■ Exercise details: In the entries below, find the line with "a kitchen with" and the line with "woman walking on seashore"; reproduce those two lines and all lines between them exactly, without pictures.

■ Dataset records:

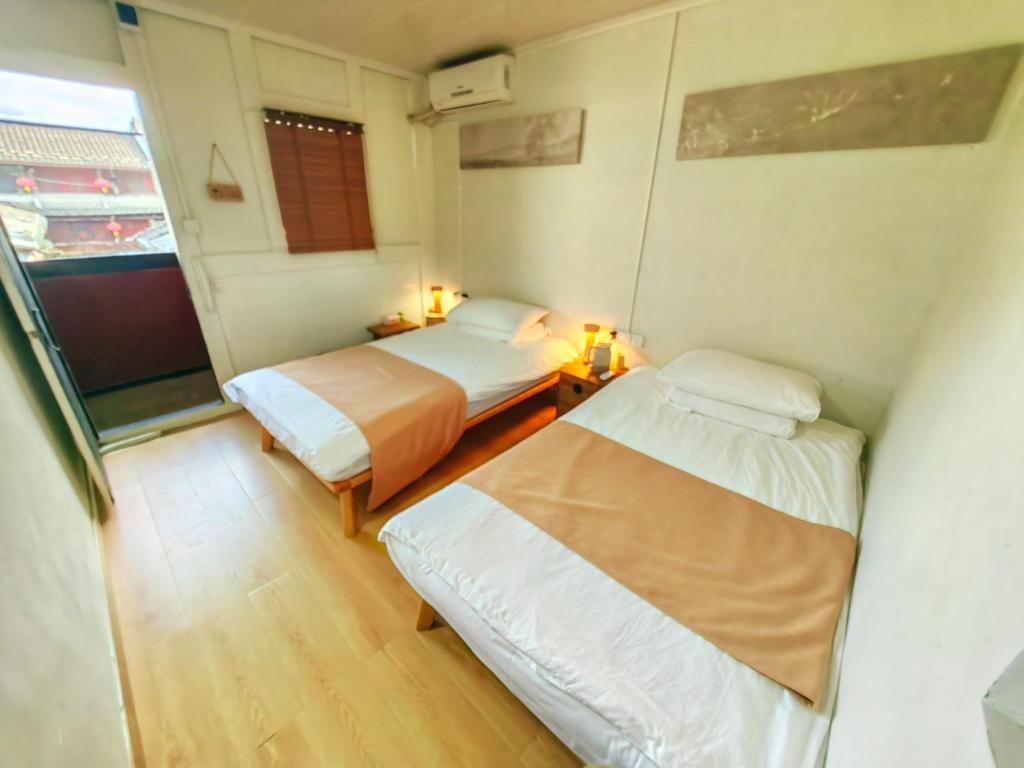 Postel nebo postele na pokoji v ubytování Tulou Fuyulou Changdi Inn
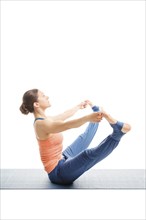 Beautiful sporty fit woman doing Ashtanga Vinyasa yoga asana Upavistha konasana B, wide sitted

==

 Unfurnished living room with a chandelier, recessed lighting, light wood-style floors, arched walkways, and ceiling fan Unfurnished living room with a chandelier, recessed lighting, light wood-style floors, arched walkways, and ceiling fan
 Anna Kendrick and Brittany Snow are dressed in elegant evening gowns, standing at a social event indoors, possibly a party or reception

* * *

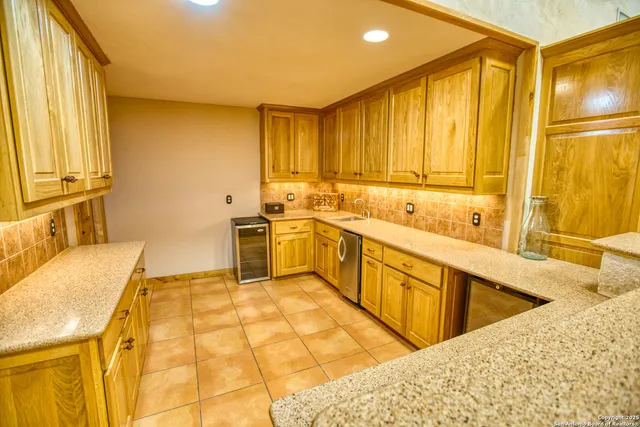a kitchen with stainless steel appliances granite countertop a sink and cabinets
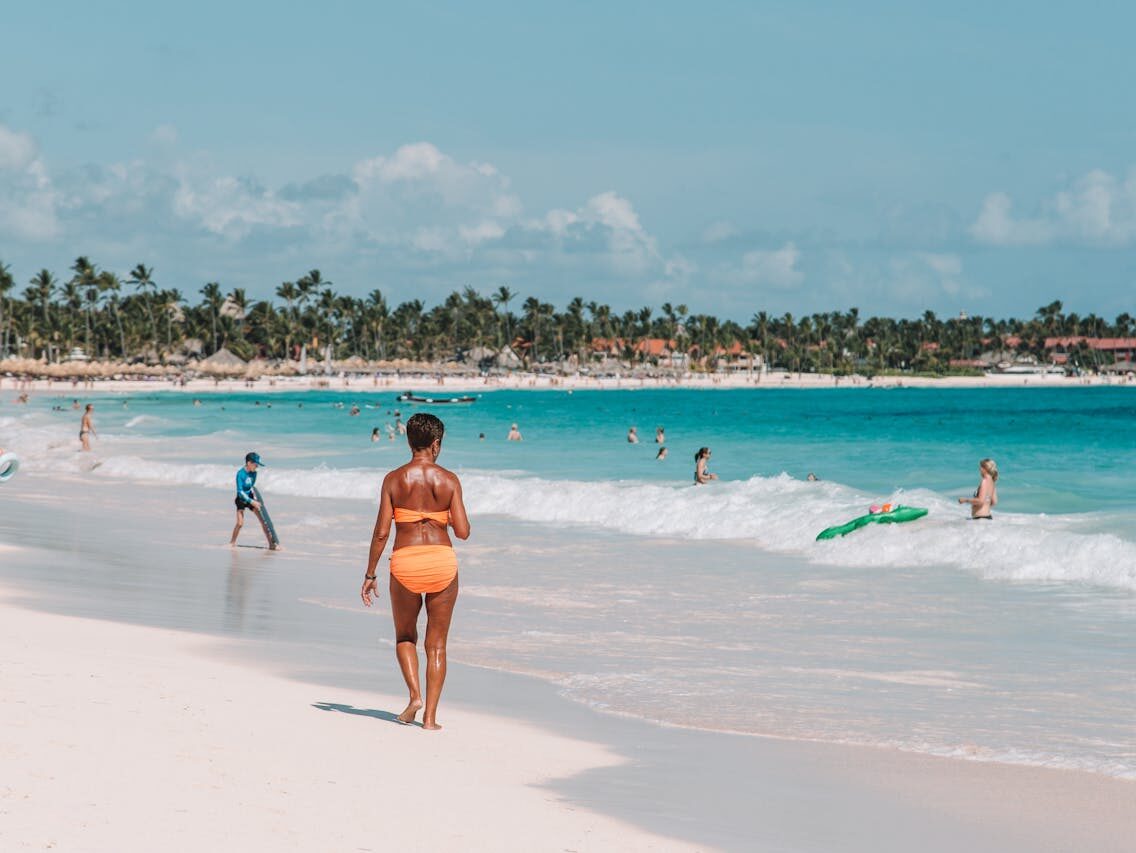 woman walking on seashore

■ Exercise output:
a kitchen with stainless steel appliances granite countertop a sink and cabinets
 woman walking on seashore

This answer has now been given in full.